• _Problem requirements_: Exactly what is written in the records below should be returned, minus the images.

Saved data entries:
-=-=-

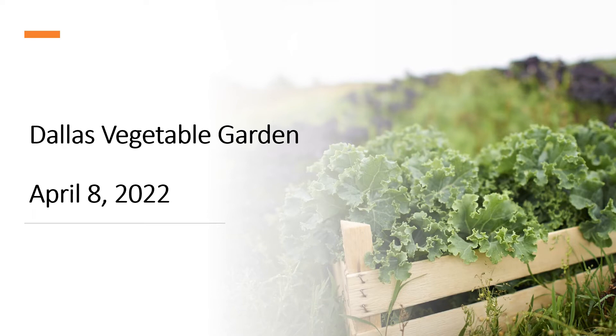Hi, this is Joe Masabni with Texas A&M AgriLife Extension at Dallas Center. Welcome back to my series on the Dallas Vegetable Garden. Today's presentation is April 8, 2022.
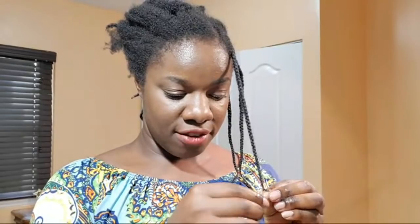By the way, welcome to the live stream if you're watching for the first time. My name is Samantha — Princess Samantha for y'all.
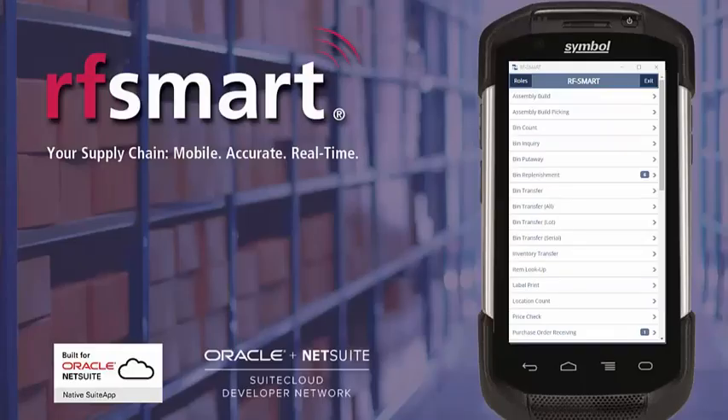Hello, you're watching a brief demonstration of bin transfer with serial numbers using RFSmart for NetSuite. What you are seeing is a live mirroring of RFSmart for NetSuite on a TC75 Zebra device. RFSmart can be used on a wide variety of modern devices.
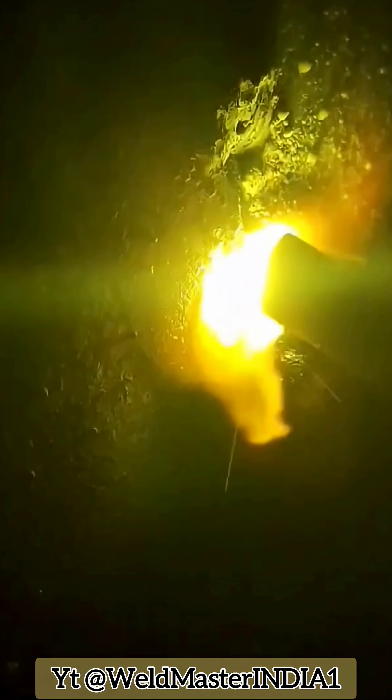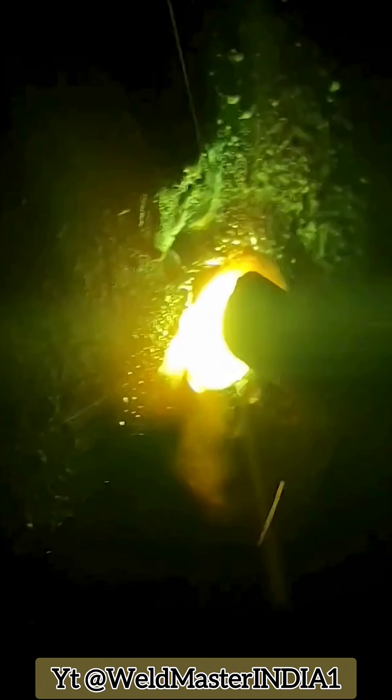Now let's look at the weld formation. This is the final result. Working like this is faster and more efficient, so why wouldn't we do it this way?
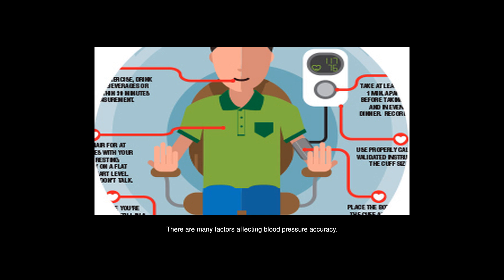There are many factors affecting blood pressure accuracy, and you need to do it correctly. Choose the right cuff, large enough to cover your upper arm. You should avoid eating, smoking, and exercising for at least 30 minutes before taking a measurement.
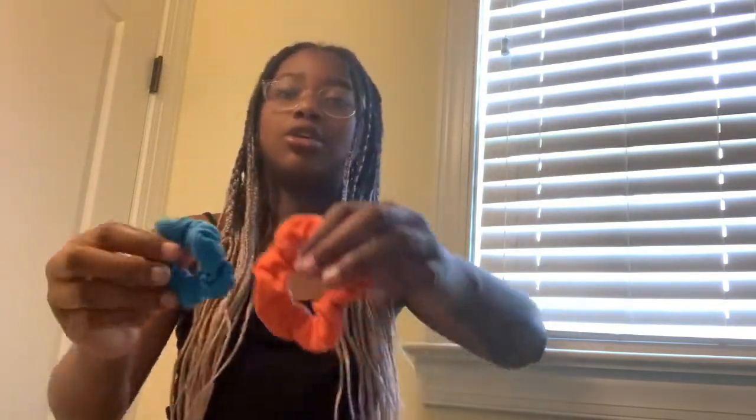If you were following along, I want to show you what everything you used should look like. If it doesn't look like this, I don't think you did something wrong — maybe there was just a little mix up. Your scrunchies should be kind of damp. You don't need to dry them, they'll dry on their own. Your rags should be kind of wet too and will air dry on their own, but I would definitely recommend washing them because you just used them on your hair.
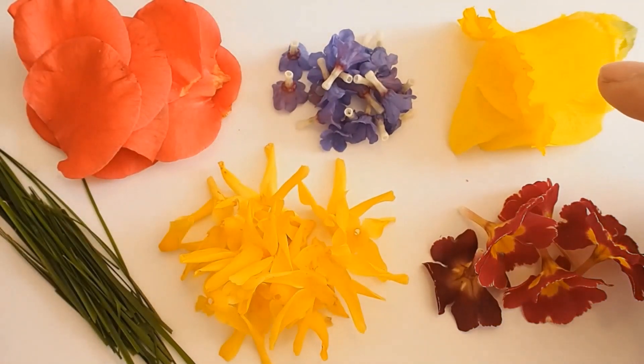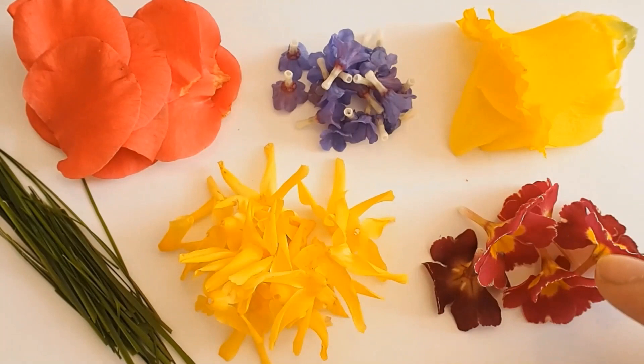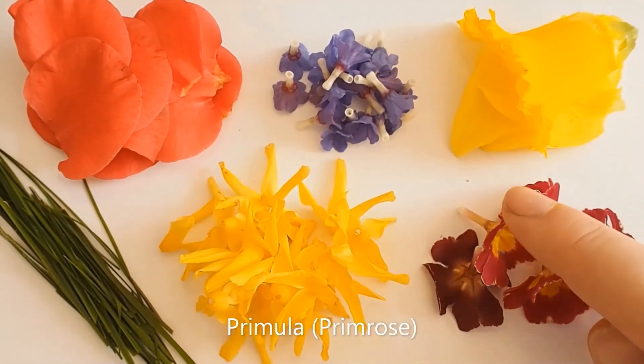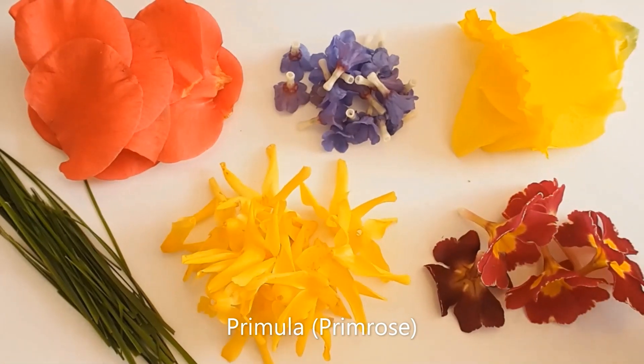And then over here we've got good old daffodil flowers, and I also put the corona in there as well. Narcissus is the Latin name for this plant. And then down here we've got the humble primrose — a really nice red rouge coloured primrose — and its Latin name is Primula.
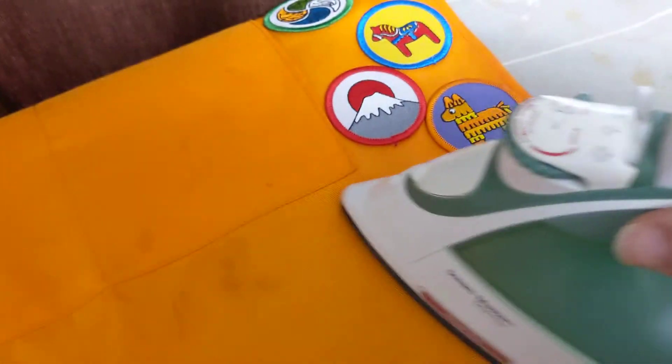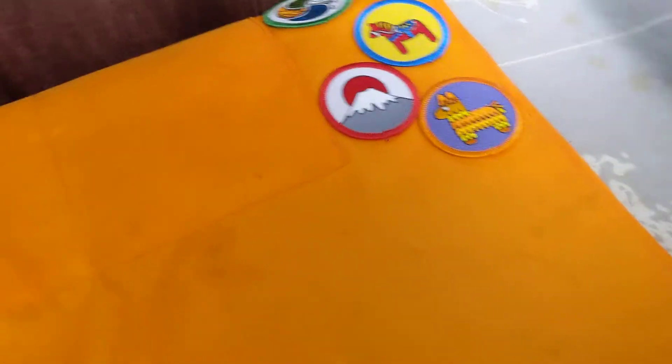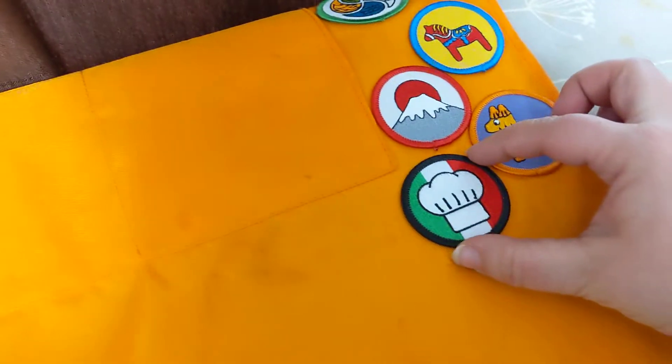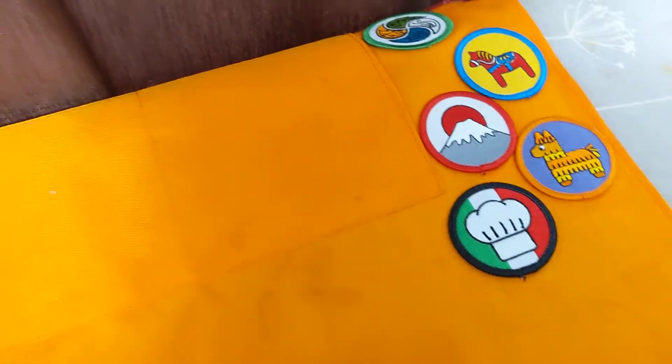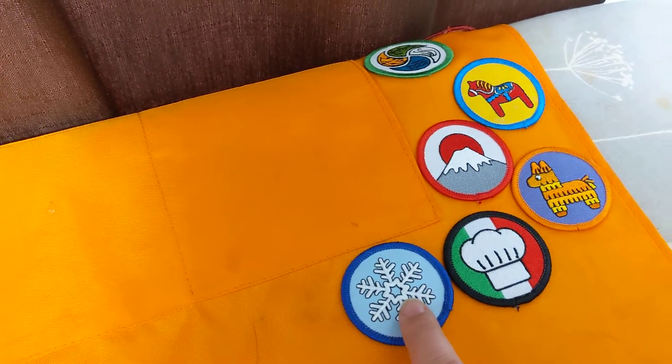Forgive me, I am also holding the phone to record this so it might be a little shaky. But you lay your patches down in your nice warm spot where you want them to go. I'm putting these right here together, and my iron's big enough to cover them, so I'm going to do two at once.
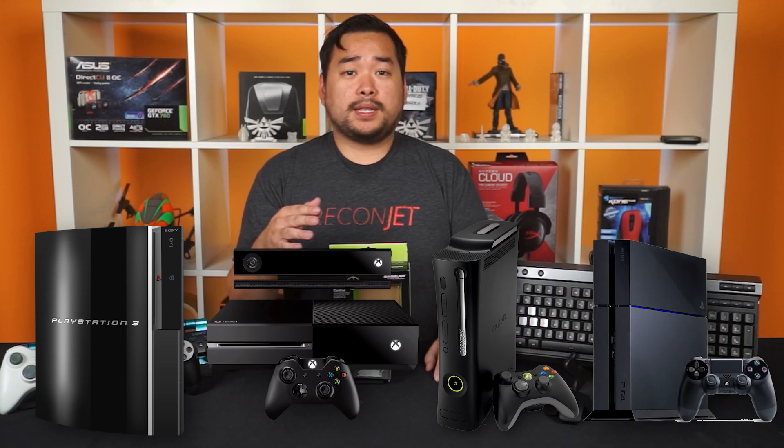So this is the IOGear Keymander. The box advertises that it works with PS3, Xbox One, and the 360. But in today's episode, I will be specifically testing it out on the PS4, just because there was a new firmware update available so that you can actually use the Keymander on the PS4.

-=-=-

• _The completed task_:
Hi, this is Joe Masabni with Texas A&M AgriLife Extension at Dallas Center. Welcome back to my series on the Dallas Vegetable Garden. Today's presentation is April 8, 2022.
By the way, welcome to the live stream if you're watching for the first time. My name is Samantha — Princess Samantha for y'all.
Hello, you're watching a brief demonstration of bin transfer with serial numbers using RFSmart for NetSuite. What you are seeing is a live mirroring of RFSmart for NetSuite on a TC75 Zebra device. RFSmart can be used on a wide variety of modern devices.
Now let's look at the weld formation. This is the final result. Working like this is faster and more efficient, so why wouldn't we do it this way?
There are many factors affecting blood pressure accuracy, and you need to do it correctly. Choose the right cuff, large enough to cover your upper arm. You should avoid eating, smoking, and exercising for at least 30 minutes before taking a measurement.
If you were following along, I want to show you what everything you used should look like. If it doesn't look like this, I don't think you did something wrong — maybe there was just a little mix up. Your scrunchies should be kind of damp. You don't need to dry them, they'll dry on their own. Your rags should be kind of wet too and will air dry on their own, but I would definitely recommend washing them because you just used them on your hair.
And then over here we've got good old daffodil flowers, and I also put the corona in there as well. Narcissus is the Latin name for this plant. And then down here we've got the humble primrose — a really nice red rouge coloured primrose — and its Latin name is Primula.
Forgive me, I am also holding the phone to record this so it might be a little shaky. But you lay your patches down in your nice warm spot where you want them to go. I'm putting these right here together, and my iron's big enough to cover them, so I'm going to do two at once.
So this is the IOGear Keymander. The box advertises that it works with PS3, Xbox One, and the 360. But in today's episode, I will be specifically testing it out on the PS4, just because there was a new firmware update available so that you can actually use the Keymander on the PS4.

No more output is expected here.